Wednesday, 14 November 2007

Bariatric surgery

I'm well behind with news, but then I remember that not everything can go in this blog. Can it be true that some of my life is of no interest whatever, to anyone? So more slash and burn in the garden, the trip to the tip to get rid of the evidence: garden waste, old shoes, radios, cat food (don't ask) and hoovers, Mr A's accounts, playing squash, badminton, the arrival of loads of classical music CDs ordered from Germany - who cares? Apart from me, that is.

At school there has been much learning activity, and one day this week started at 9am and ended after 6pm. Add the extra hour at each end for driving and it's almost as long as most days I used to work, back in those almost-forgotten days of full employment. I was exhausted! I'm looking forward to a night out in Birmingham catching up with ex-colleagues in a couple of weeks when my coursework deadlines are less pressing.

The most interesting classes recently have been around the Dietetics module. We do very little about actual nutrition this year; it's mostly about getting us all up to speed with basic biology and biochemistry. But in Dietetics the group is relatively small, and sometimes we get to discuss rather than absorb what's being pushed at us from the front. One of the lecturers has returned to full time practice in a hospital, but before she went, she told us about her work in bariatric surgery - the 'stomach stapling' or 'gastric banding' surgery that you read about in lurid detail in shiny magazines between stories about WAGs and TV 'celebrities'.

There are government-led guidelines, laid down by NICE - the National Institute for Health and Clinical Excellence - about who can receive gastric surgery on the NHS, free of charge. To qualify as a prospective patient, as well has having a body mass index (BMI) of 40 or above, "all appropriate non-surgical measures have been tried but have failed to achieve or maintain adequate, clinically beneficial weight loss for at least 6 months." Nothing needs to have been tried previously if BMI is 50 or above.

This is all fine as far as it goes. I don't have a problem with surgery to help weight loss per se. I was concerned to hear that the pre-surgery appointment with the dietitian is only 30 minutes... but my real question was whether the 'appropriate non-surgical measures' included psychological help, or counselling, or therapy. No, they don't. We were told that "there aren't enough places where such therapy could be delivered anyway".

This has seriously blown my mind.
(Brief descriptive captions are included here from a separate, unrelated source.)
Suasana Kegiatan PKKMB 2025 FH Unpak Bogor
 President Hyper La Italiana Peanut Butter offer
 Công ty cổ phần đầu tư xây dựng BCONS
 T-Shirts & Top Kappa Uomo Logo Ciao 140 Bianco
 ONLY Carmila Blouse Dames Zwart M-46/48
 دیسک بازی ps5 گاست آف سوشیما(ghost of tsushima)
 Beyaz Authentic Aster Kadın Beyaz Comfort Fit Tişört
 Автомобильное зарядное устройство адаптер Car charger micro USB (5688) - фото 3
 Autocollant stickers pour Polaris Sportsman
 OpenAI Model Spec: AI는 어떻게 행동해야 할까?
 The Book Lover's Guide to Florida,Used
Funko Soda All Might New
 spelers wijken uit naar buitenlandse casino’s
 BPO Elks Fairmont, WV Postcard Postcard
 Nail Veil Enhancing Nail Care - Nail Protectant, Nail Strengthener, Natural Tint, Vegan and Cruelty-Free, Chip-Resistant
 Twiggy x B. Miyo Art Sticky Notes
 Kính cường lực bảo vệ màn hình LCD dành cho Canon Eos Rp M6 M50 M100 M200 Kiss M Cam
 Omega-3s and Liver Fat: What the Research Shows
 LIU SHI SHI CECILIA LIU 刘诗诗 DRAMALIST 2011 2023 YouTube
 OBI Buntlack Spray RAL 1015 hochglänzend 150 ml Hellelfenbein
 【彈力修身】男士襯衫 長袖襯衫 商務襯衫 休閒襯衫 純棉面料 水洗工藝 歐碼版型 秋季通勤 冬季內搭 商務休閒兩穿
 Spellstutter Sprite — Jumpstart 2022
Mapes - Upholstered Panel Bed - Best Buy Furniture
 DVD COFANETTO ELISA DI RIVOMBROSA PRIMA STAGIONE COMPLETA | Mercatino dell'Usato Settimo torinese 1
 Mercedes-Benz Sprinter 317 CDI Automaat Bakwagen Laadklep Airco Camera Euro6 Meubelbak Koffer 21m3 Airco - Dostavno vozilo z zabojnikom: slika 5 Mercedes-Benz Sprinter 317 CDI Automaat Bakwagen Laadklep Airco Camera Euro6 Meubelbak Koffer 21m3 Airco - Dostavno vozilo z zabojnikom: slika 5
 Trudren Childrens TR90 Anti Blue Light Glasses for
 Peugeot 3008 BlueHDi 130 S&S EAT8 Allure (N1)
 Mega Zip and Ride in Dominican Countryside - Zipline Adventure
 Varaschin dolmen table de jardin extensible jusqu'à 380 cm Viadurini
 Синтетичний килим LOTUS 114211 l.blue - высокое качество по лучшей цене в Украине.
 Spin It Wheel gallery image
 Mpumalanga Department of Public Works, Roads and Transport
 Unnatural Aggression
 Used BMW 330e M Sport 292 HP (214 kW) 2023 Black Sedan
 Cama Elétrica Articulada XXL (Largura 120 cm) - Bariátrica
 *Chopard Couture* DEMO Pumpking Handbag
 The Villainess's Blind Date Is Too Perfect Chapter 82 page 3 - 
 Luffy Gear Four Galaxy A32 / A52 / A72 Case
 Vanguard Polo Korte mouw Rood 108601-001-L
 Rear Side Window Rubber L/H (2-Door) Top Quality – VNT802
No counselling or therapy available, before spending a fortune on an irreversible surgical operation, with all the associated risks during and after the procedure, for people who must clearly be desperate to lose weight, and haven't succeeded before? Aren't we treating symptoms here, rather than the cause?

Nobody would suggest that someone who compulsively cuts himself or herself should undergo irreversible and risky surgery to graft a cut-proof teflon skin onto their body to prevent self-harm. Much more likely is a referral to a psychiatrist, or psychologist, or psychotherapist, or someone who can help with sorting out the reason for the behaviour. Why isn't morbid obesity classed as self-harm, and given appropriate priority and resources, and suitable treatment?

Yesterday I listened to a Radio 4 podcast (how I love them) about Chronic Fatigue Syndrome/ME (that's the official classification, I learned). Not too long ago, there was some debate whether this was real, physical or psychological, or just malingering. NICE officially recognises this condition now, and recommends onward referral to specialist provision under certain circumstances. The specialist in the broadcast (who works with children) was very pleased with this, because she said that very little provision exists, and the NICE guidelines provide a lever that she can use to approach NHS Trusts or whoever, to get funding for more.

So perhaps that's what needs to happen for bariatric surgery. Clearly I'm not in any position to influence the situation, and perhaps I've got it all wrong anyway. What do I know after less than two months at university? It really brought me down to earth - dietitians aren't the paragons of virtue that I'd hoped; the situation is imperfect; people get what they get. I have no idea whether I'm even going to be involved in diet for weight loss in later life, but if I do, I hope this is something I'll be coming back to with a vengeance.